Stored data:
- - - - -

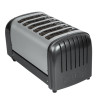 Toaster 6 Slices Anthracite - Dualit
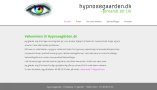 Ny hjemmeside til Hypnosegården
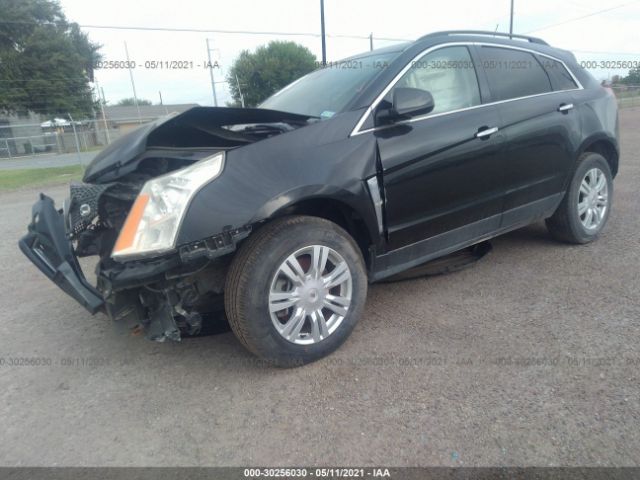 Photo 1 VIN: 3GYFNGE36CS638638 - CADILLAC SRX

- - - - -

The answer must consist solely of the lines from the line containing "Ny hjemmeside til Hypnosegården" to the end of the data, reproduced exactly, with every picture left out.

Your response:
 Ny hjemmeside til Hypnosegården
 Photo 1 VIN: 3GYFNGE36CS638638 - CADILLAC SRX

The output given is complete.